Mobile banking, m-banking, or SMS banking refers to online banking that occurs via mobile phone or PDA rather than a PC. The earliest mobile banking services were offered over SMS, but with the introduction of smartphones and Apple iOS, mobile banking is being offered primarily through applications as opposed to text messages or a mobile browser.
Mobile banking reduces expenses by allowing customers to review transactions, transfer funds, pay bills, and check balances without relatively expensive phone calls to a bank’s customer service call center. More than half of all customer service calls already come
in from mobile phones, and studies show consumers are twice as likely to have a cell phone than cash when out and about. Younger consumers, who are most likely to carry cell phones, are also heavy debit card users who require frequent balance checks.

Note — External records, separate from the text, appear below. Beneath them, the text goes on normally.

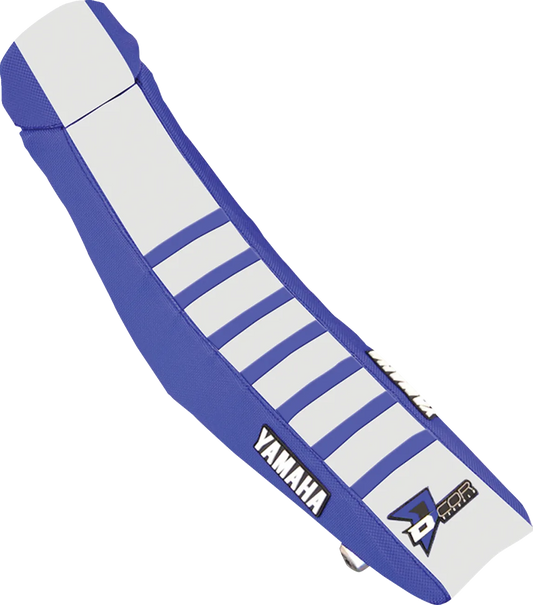 Seat Cover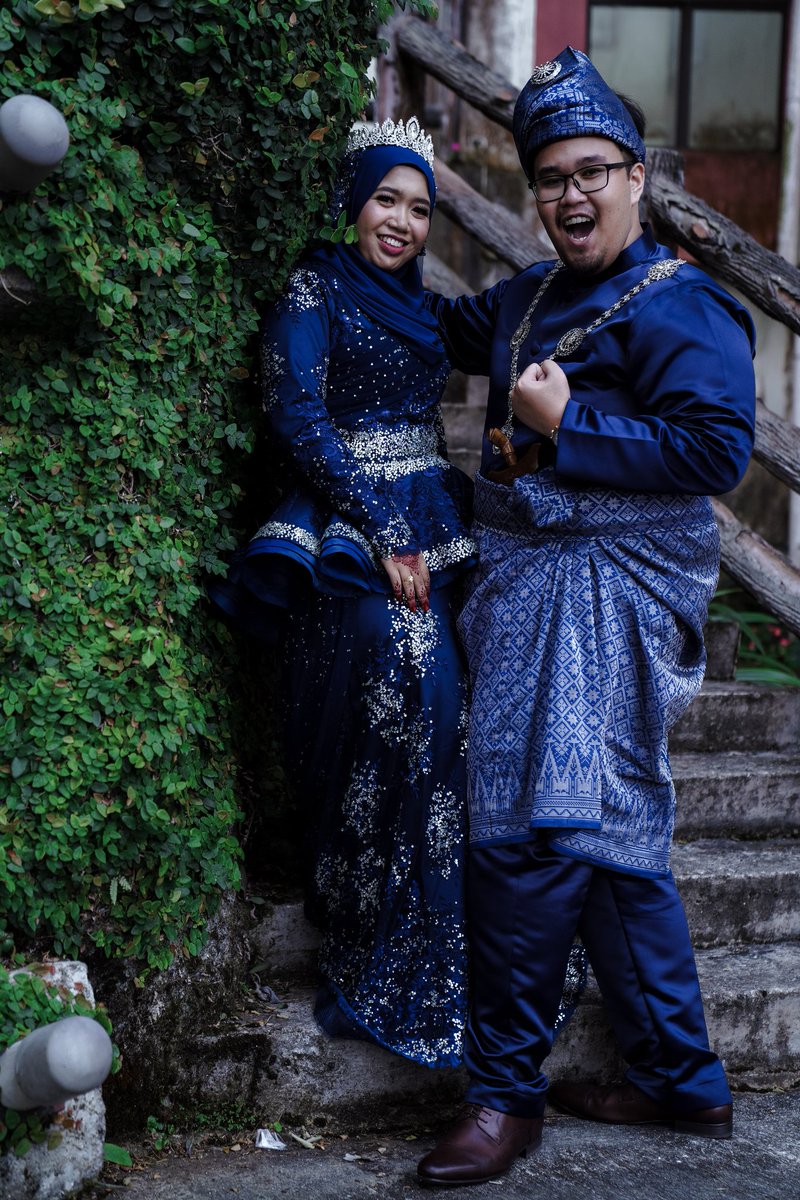 WolfZyr's tweet photo. 7+ years and counting 💞🥰😘 @alisafirza https://t.co/JeCMKdYKMc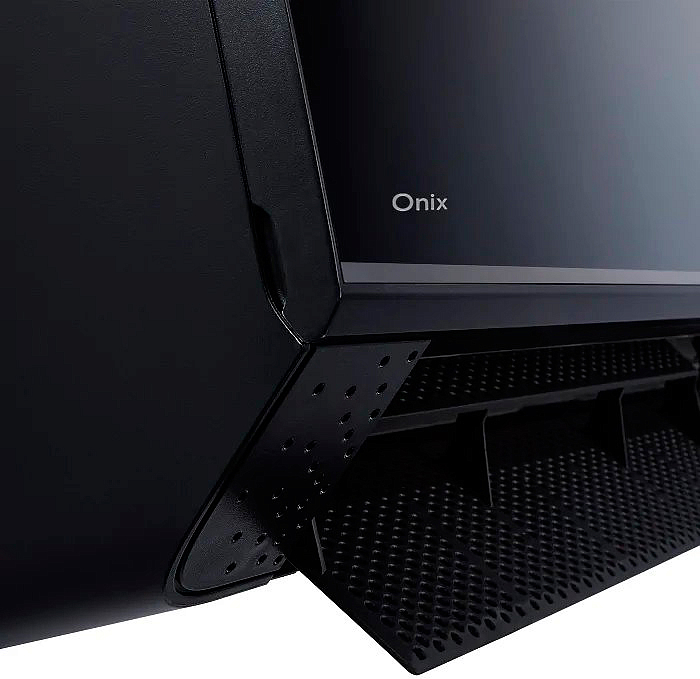 Сплит-система Electrolux EACS/I-09HIX-BLACK/N8 preview 4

Enhanced security with SMS transaction notifications and the ability to turn card accounts on or off, and new technologies like mobile check deposit, in which you simply take a cell phone picture of the check, are contributing to the increasing popularity of mobile banking. Eventually, mobile phones may even replace ATMs and credit cards.
About 10% of U.S. households currently use mobile banking, according to market research firm Nielsen, and Forrester predicts that one in five adults in the U.S. will
be us ing mobile banking by 2015:
“Consumer adoption of smartphones and increasing use of the mobile Web will drive sustained growth of casual, informational use of mobile banking — to check balances, review transactions, or receive alerts. Creating preference for mobile banking broadly will require banks to deliver more obvious value and superior execution than other channels offer. Functionality like mobile remote deposit capture and contactless mobile payments alone, though, will not anchor mobile banking the way that bill payment and account transfers have done for online banking. Channel managers must address issues of duplicate functionality, marginal user experiences, and a general failure to exploit the most valuable aspects of the channel if mobile banking is to become a critical part of how consumers manage their accounts.”
Standard, PC-based online banking is holding steady at around 40%, banks like USAA and Bank of America are reporting big increases in mobile banking in the last two years.
Like regular online banking, mobile banking won’t be for everyone. But as more banks and credit unions recognize the financial efficiency of mobile banking, they will invest in applications that make banking that much more convenient for their customers. And as those customers take advantage of the timesaving features provided by their banks, mobile banking will grow exponentially.